Bilindiği üzere mülkiyet hakkı Anayasamızın 35. maddesinde, kamu vergisel yükümlülükleri ise “vergi ödevi” başlığı altında; Anayasa’mızın 73. maddesinde “Herkes, kamu giderlerini karşılamak üzere, mali gücüne göre, vergi ödemekle yükümlüdür.
Vergi yükünün adaletli ve dengeli dağılımı, maliye politikasının sosyal amacıdır” şeklinde düzenlenmiştir.
Anayasamıza göre vergisel yükümlülük herkesin mali gücü yani kazancıyla orantılı ve adil olmalı ve dengeli bir vergi yükü dağıtımı olmalıdır. Ülkemizde tüm bu yasal düzenlemelere rağmen gayri adil bir vergi sistemi ile ağırlık olarak toplumun tüm kesimlerinden alınan ve toplam vergi tahsilatının %75 civarına tekabül eden dolaylı vergilendirme ile vergi tahsilatı yapılmaktadır.

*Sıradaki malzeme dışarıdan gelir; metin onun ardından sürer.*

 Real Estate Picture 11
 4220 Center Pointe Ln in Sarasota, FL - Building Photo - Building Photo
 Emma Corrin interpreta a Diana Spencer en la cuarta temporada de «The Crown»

Son günlerde kamuoyuna yansıyan vergi yasası taslağına göre bundan 25 sene önce adil olmadığı için vazgeçilmiş olan; kazanılmamış varsayımsal kazançlar üzerinden asgari standart vergi ve bu varsayımsal kazançlar üzerinden tahakkuk edilecek vergiyi peşin almaya yönelik düzenlemeler, genel tüketim üzerinden zengin fakir ayrımı gözetmeden alınan dolaylı vergilerin artışı veya aynen devamı, anayasanın 10 md. sine rağmen engelli vatandaşlar aleyhine düzenlemeler, seyahat özgürlüğü ortadan kaldıracak seviyede 20 kata kadar artırım içeren harç düzenlemeleri vb gibi başlıklar kamuoyuna yansımıştır.

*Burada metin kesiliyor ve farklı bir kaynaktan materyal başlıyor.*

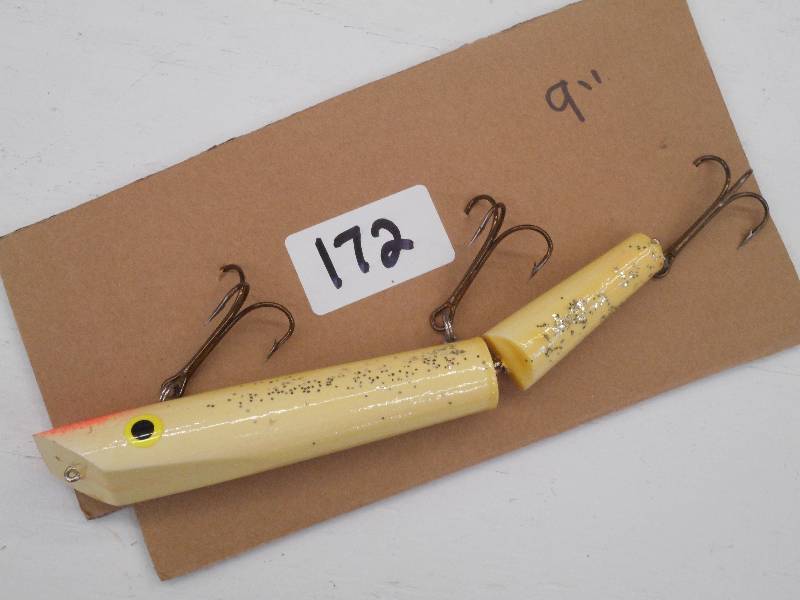 lot 172 image: (1) 9 Muskie Crankbait Lure ...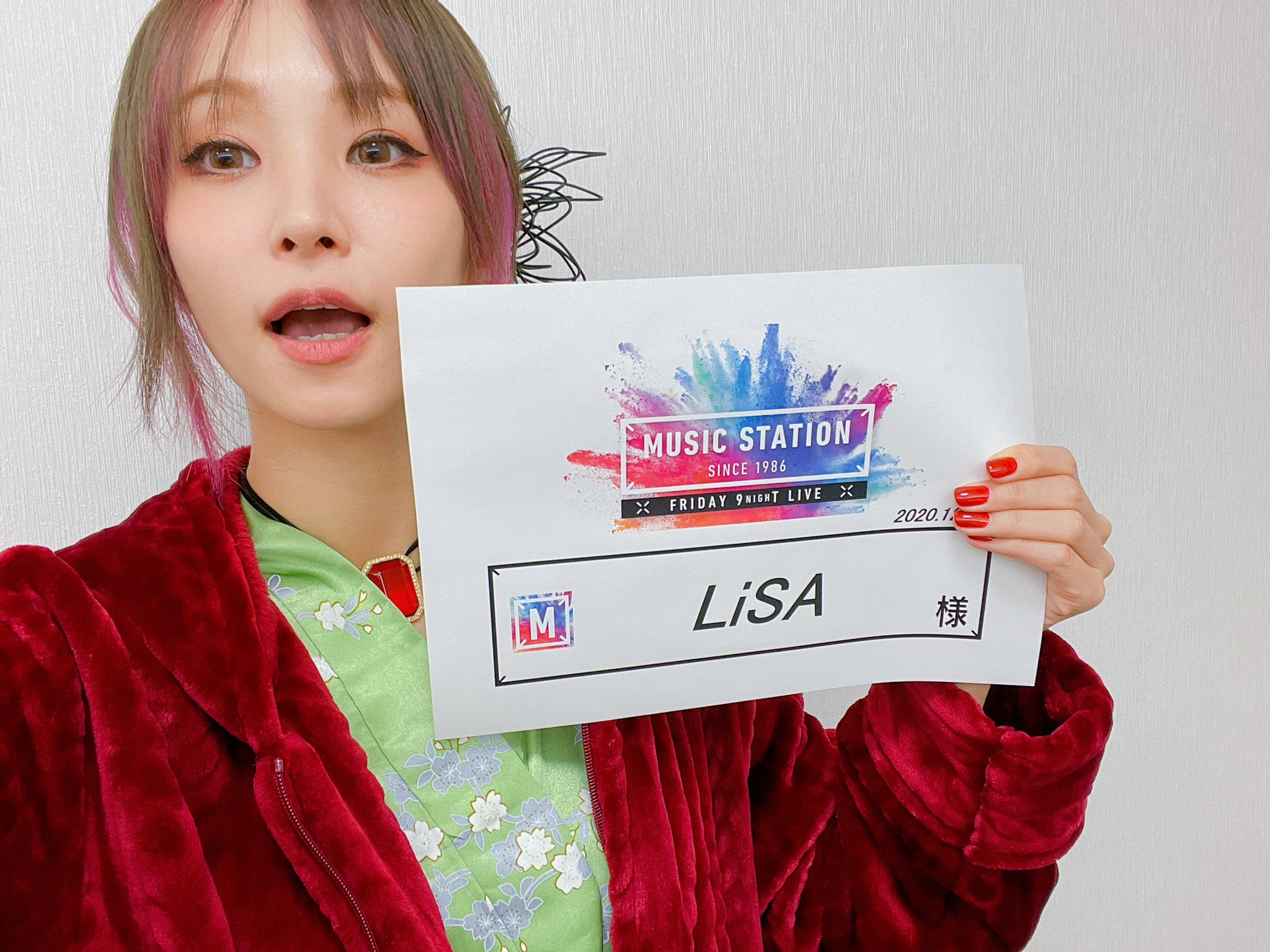 Lisa 今夜の Mステ 様は 時からですっ 私lisaは炎を歌います よろしくお願いしますっ 楽屋着が衣装なみに派手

Bilindiği üzere zaten tüm tüketim üzerinden alınan ve bazen malın kendi değerinin çok üzerinde ve sürekli artan oranları %8 ile %220 oranındaki ÖTV , %20 KDV gibi dolaylı vergilerle zaten % 40 üst oranına ulaşmış gelir ve kurumlar vergisi hakkında bir iyileştirmeye gitmeden bir de bunlar üzerine kamusal açıklara kaynak sağlama adına “reform maskesi” adı altında getirilmeye çalışılan yeni vergiler reform değil savaş zamanlarında bile en son tercih edilen yöntemlerle vatandaştan devlet zoruyla para toplamak hatta tabiri caizse müsadere yöntemidir. Bu yöntemler daha önce de denenmiş ve sonuç olarak kayıt dışılığı daha da arttırmış arkaik vergi yöntemleridir. Yapılması gereken tüm sistemi kayıt içine alarak vergi oranlarını makul ve adil seviyelerde tutmak ve gelişmiş ülkelerde olduğu gibi dolaylı vergileri %75’ten %25 seviyelerine çekmektir.

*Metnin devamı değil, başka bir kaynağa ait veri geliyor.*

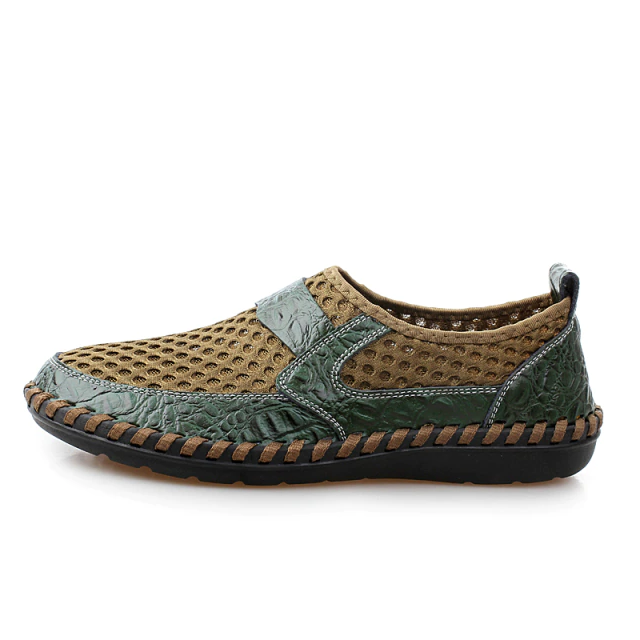 Travis Men&
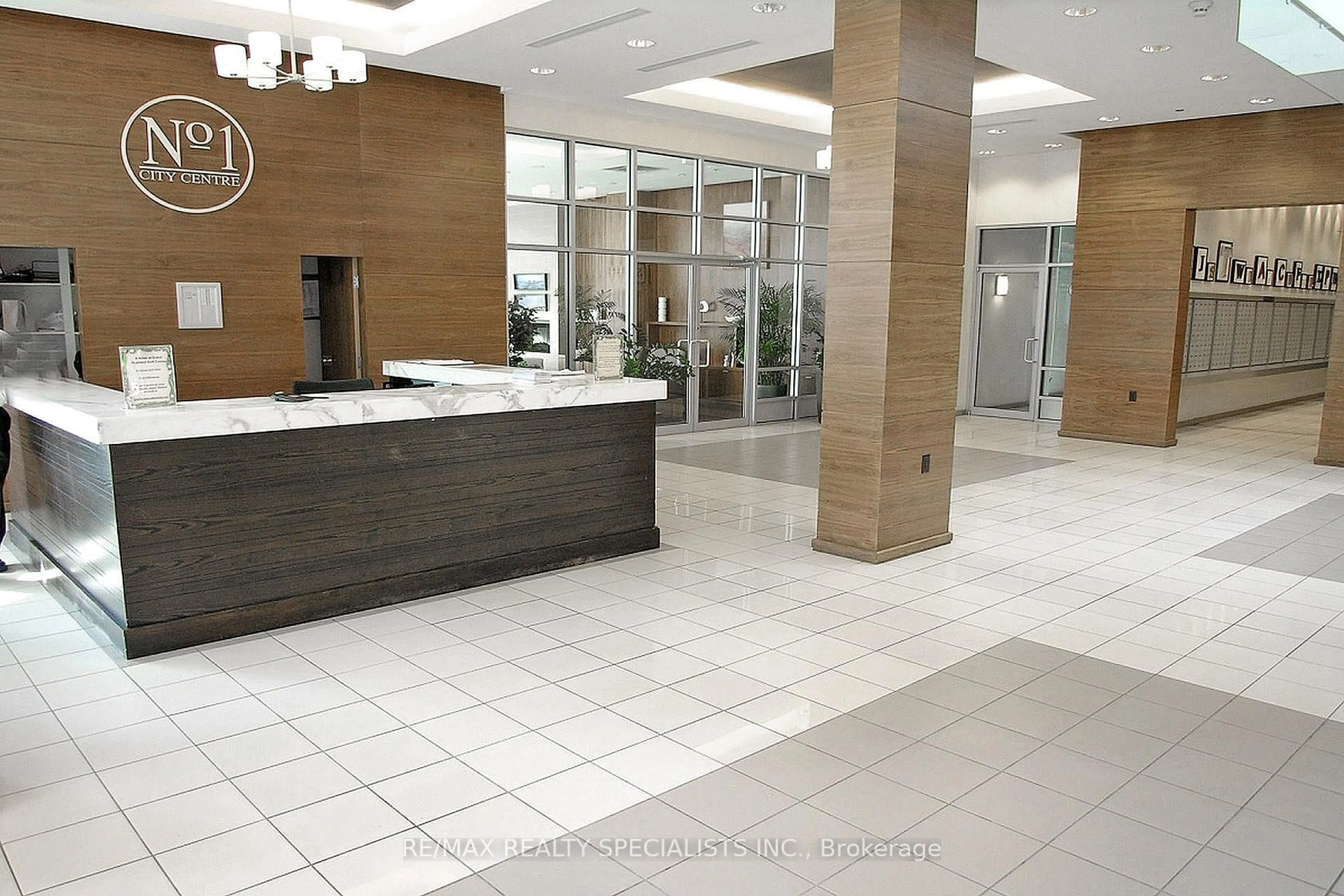 Lobby for 1 Elm Dr #1810, Mississauga Ontario L5B 4M1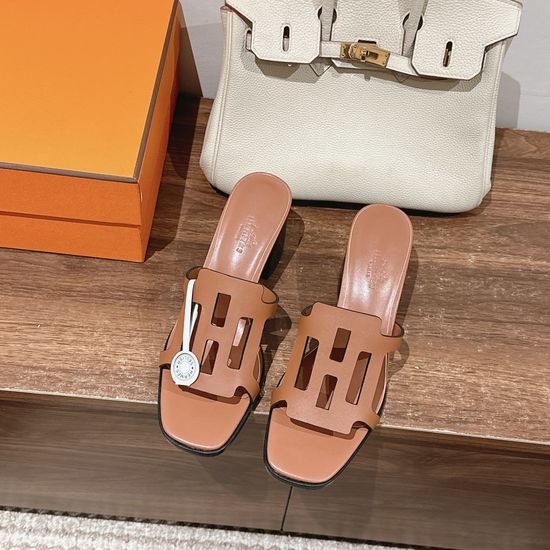 Hermes Elegant Mid-heel Sandals Soft Lining Comfortable Fashion Footwear
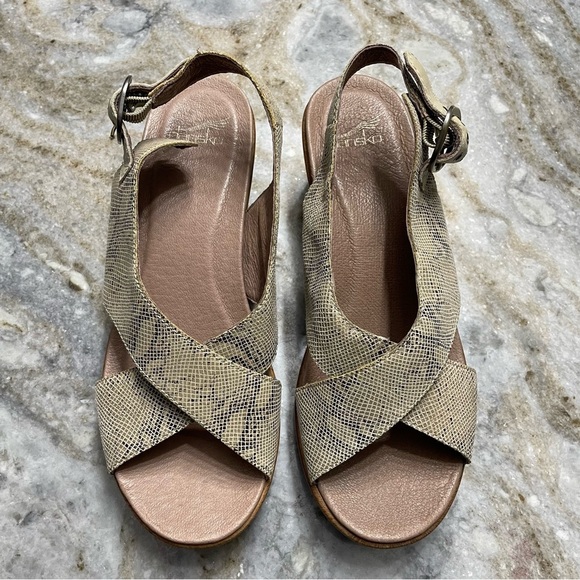 Dansko Jacinda Taupe Snake Wedge Sandal Women's EU 40 - Picture 2 of 13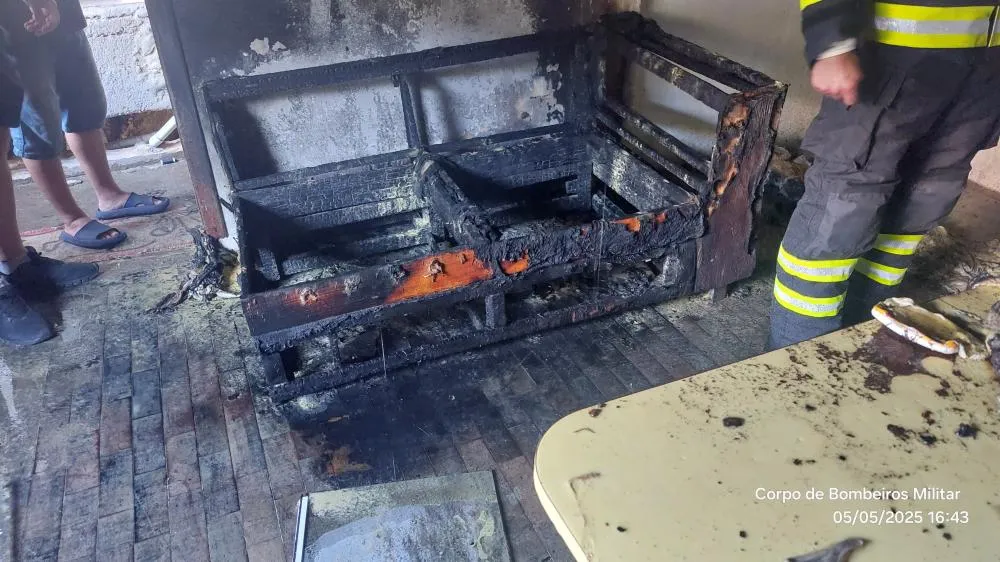 Quitinete fica destruída após incêndio no bairro Garcia, em Blumenau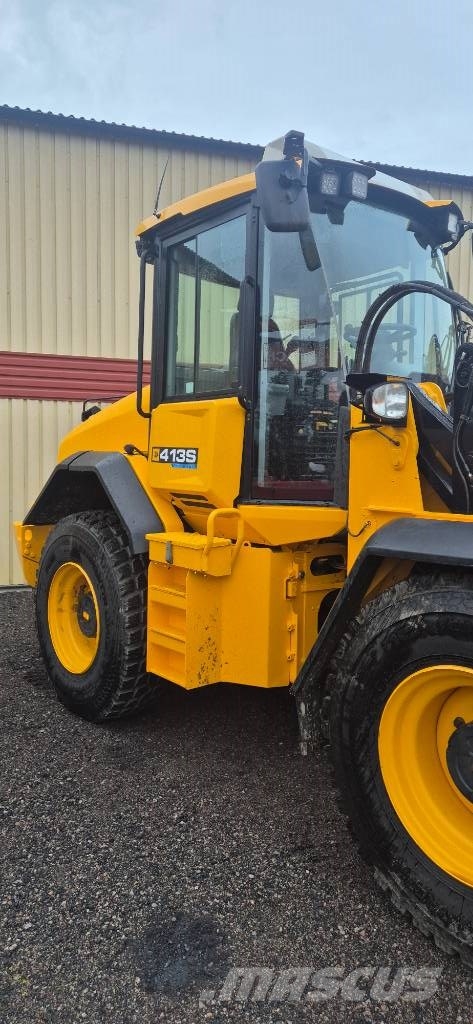 JCB 413 S Kolesni nakladalci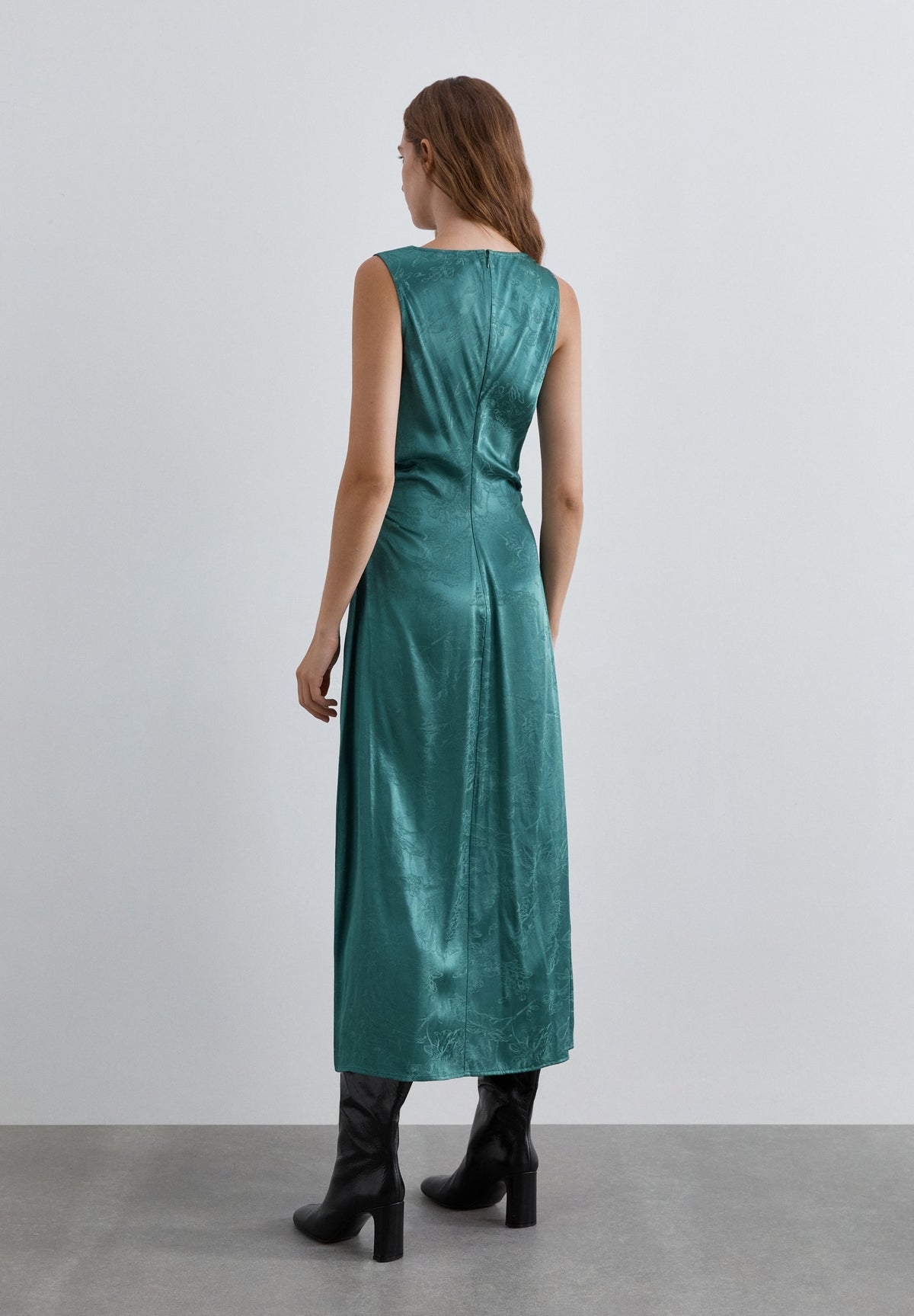 VESTIDO JACQUARD COM RENDA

Tüm bu sebeplerle kamu kaynaklarının hukuka aykırı ve yerinde olmayan yöntemlerle tüketilmesi sonucunda bunu karşılamak için, Anayasanın 119.maddesine göre ağır ekonomik bunalım hali sonucu ilan edilecek olağanüstü hal durumu ilan etmişcesine, Anayasa’ya aykırı ağırlıkta, mülkiyet hakkının ihlali sonucunu doğuracak aşırı ve adil olmayan bir vergilendirme yapılmasını kabul edilemez buluyor buna ilişkin düzenlemelerin karşısında olup tüm yasal yollara da başvuracağımızı kamuoyunun bilgisine sunuyoruz.